#### EXERCISE DETAILS
Write out only the lines from the start of the entries up to and including the line with "Image no. 1"; please skip the pictures.

#### SUPPLIED ENTRIES
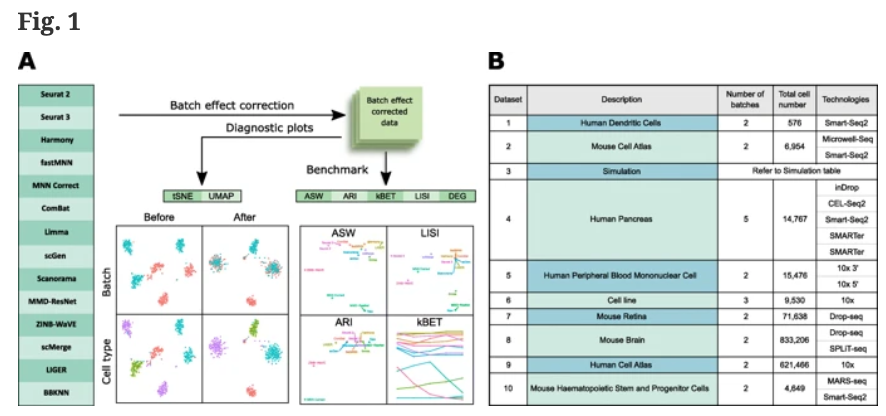 BioDecoded's tweet photo. A benchmark of batch-effect correction methods for single-cell RNA sequencing data | Genome Biology
https://t.co/VN3ODQLEAp
#bioinformatics #BatchEffect https://t.co/0zpuCddQQp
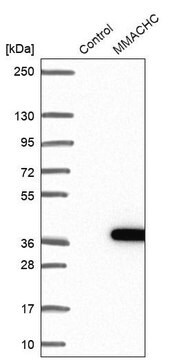 Anti-MMACHC antibody produced in rabbit Prestige Antibodies&#174; Powered by Atlas Antibodies, affinity isolated antibody, buffered aqueous glycerol solution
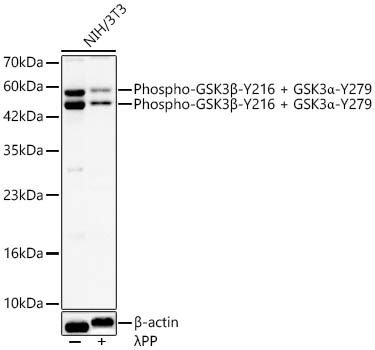 Phospho-GSK3Beta-Y216 + GSK3Alpha-Y279 Rabbit Polyclonal Antibody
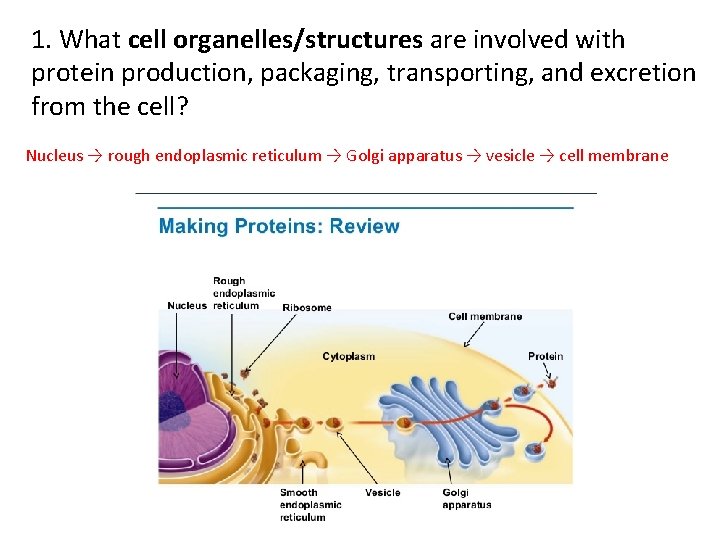 1. What cell organelles/structures are involved with protein production, packaging, transporting, and excretion from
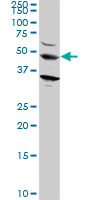 1 - STAU2 Antibody (monoclonal) (M10) AT4071a
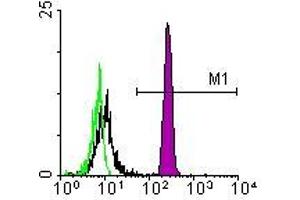 Image no. 1 for anti-Monocyte/Granulocyte antibody (FITC) (ABIN135481) (Monocyte/Granulocyte Antikörper  (FITC))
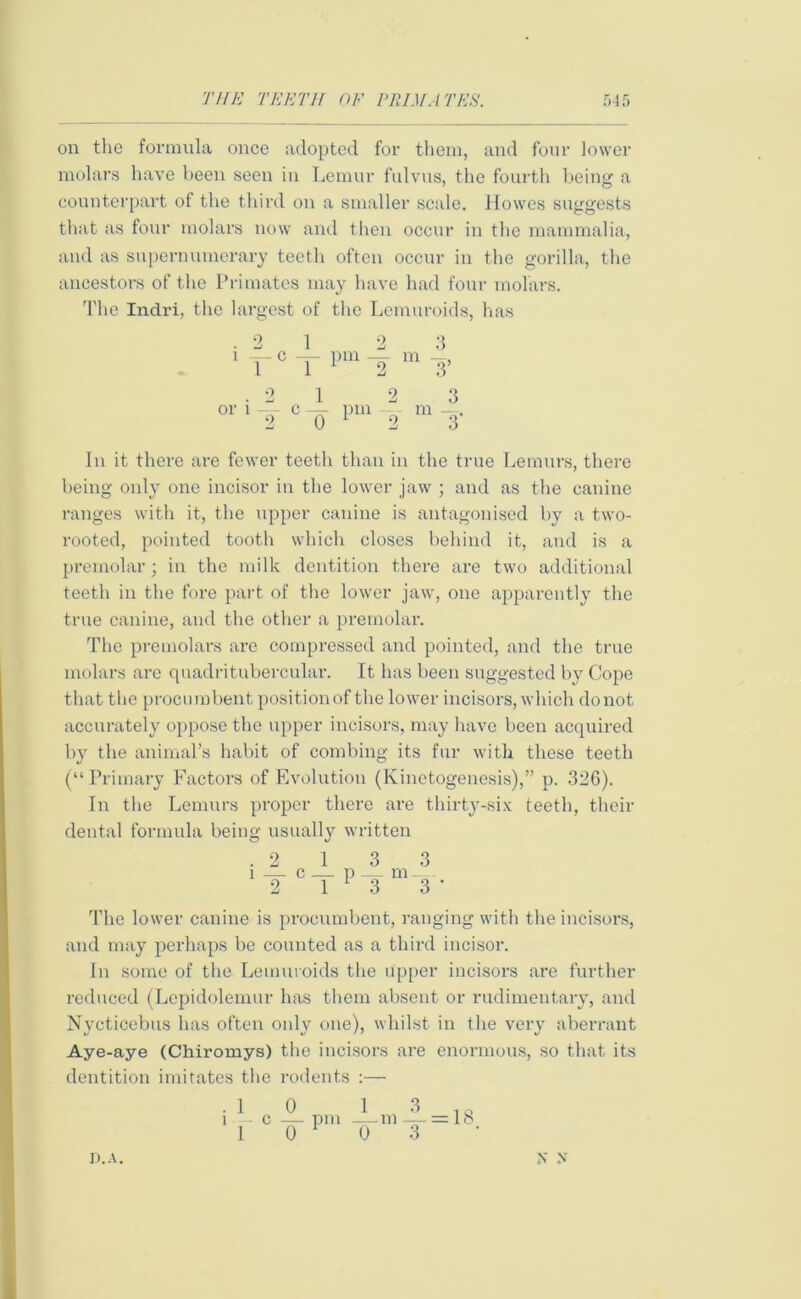 on the formula once adopted for them, and four lower molars have been seen in Lemur fulvus, the fourth being a counterpart of the third on a smaller scale. Howes suggests that as four molars now and then occur in the mammalia, and as supernumerary teeth often occur in the gorilla, the ancestors of the Primates may have had four molars. The Indri, the largest of the Lemuroids, has .21 23 1rcTpmT m ~3’ .21 2 3 01'1 T c 0 inU “2 m T In it there are fewer teeth than in the true Lemurs, there being only one incisor in the lower jaw ; and as the canine ranges with it, the upper canine is antagonised by a two- rooted, pointed tooth which closes behind it, and is a prernolar • in the milk dentition there are two additional teeth in the fore part of the lower jaw, one apparently the true canine, and the other a premolar. The premolars are compressed and pointed, and the true molars are quadritubercular. It has been suggested by Cope that the procumbent position of the lower incisors, which do not accurately oppose the upper incisors, may have been acquired by the animal’s habit of combing its fur with these teeth (“ Primary Factors of Evolution (Kinetogenesis),” p. 326). In the Lemurs proper there are thirty-six teeth, their dental formula being usually written .2 1 3 3 i — c — p — m_- 2 1 F 3 3 The lower canine is procumbent, ranging with the incisors, and may perhaps be counted as a third incisor. In some of the Lemuroids the upper incisors are further reduced (Lepidolemur has them absent or rudimentary, and Nycticebus has often only one), whilst in the very aberrant Aye-aye (Chiromys) the incisors are enormous, so that its dentition imitates the rodents :— .1 0 1 3 1Q i — c — pm — m — — [ A 1 0 1 0 3 P.A. X N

#### ANSWER BELOW
 BioDecoded's tweet photo. A benchmark of batch-effect correction methods for single-cell RNA sequencing data | Genome Biology
https://t.co/VN3ODQLEAp
#bioinformatics #BatchEffect https://t.co/0zpuCddQQp
 Anti-MMACHC antibody produced in rabbit Prestige Antibodies&#174; Powered by Atlas Antibodies, affinity isolated antibody, buffered aqueous glycerol solution
 Phospho-GSK3Beta-Y216 + GSK3Alpha-Y279 Rabbit Polyclonal Antibody
 1. What cell organelles/structures are involved with protein production, packaging, transporting, and excretion from
 1 - STAU2 Antibody (monoclonal) (M10) AT4071a
 Image no. 1 for anti-Monocyte/Granulocyte antibody (FITC) (ABIN135481) (Monocyte/Granulocyte Antikörper  (FITC))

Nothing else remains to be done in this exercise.